A guerra russo-ucraniana completou ontem 500 dias no leste europeu. São pouco mais de 16 meses de crises humanitárias e conflitos entre dois países que defendem a titularidade da região. Em meio à batalha entre as duas nações está a brasiliense Lydiane Bruno, que vivenciou aproximadamente metade do período do conflito in loco, ajudando em uma missão de suporte com a equipe de Recursos Humanos da organização humanitária da Cruz Vermelha.

Devido à urgência de auxílio à crise gerada pela guerra, ela foi convidada a fazer parte de uma missão especial pouco após o início dos bombardeios e invasão da Rússia na Ucrânia. Ela foi para a capital Kiev em maio do ano passado, passou cinco meses e retornou em setembro.

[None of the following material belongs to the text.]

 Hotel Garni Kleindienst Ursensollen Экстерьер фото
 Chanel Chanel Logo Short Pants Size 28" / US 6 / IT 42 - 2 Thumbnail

Em maio deste ano ela voltou para a cidade e permanecerá até novembro.

A tensão e incerteza constantes no país é um dos principais desafios para superar ao longo dos dias na região. “Muitas vezes não conseguimos dormir devido aos alarmes e às vezes passamos a noite em abrigos”, contou com exclusividade ao Jornal de Brasília.

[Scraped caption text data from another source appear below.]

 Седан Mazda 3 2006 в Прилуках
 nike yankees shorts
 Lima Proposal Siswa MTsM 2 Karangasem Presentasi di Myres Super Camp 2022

“É um contexto e um trabalho muito desafiador por ser um conflito armado internacional. […] Temos os alarmes com bastante frequência, que soam quando alguma coisa está invadindo o espaço aéreo. Isso pode significar que está vindo algum míssil, ou que algum ataque vai acontecer em algum lugar. Pode ser que a gente precise ir para um abrigo”, relatou.

O soar dos alarmes acontece durante o dia, mas também muito durante a noite, de acordo com Lydiane. “Temos que lidar com a tensão o tempo inteiro, mas ao mesmo tempo eu vejo que não só eu, mas muitos dos meus colegas são muito resilientes”, disse. “No dia seguinte [aos alarmes] pela manhã, está todo mundo aqui. Todo mundo bem cansado, mas tentando trabalhar e entregar a resposta humanitária, que é o nosso maior objetivo estando aqui.”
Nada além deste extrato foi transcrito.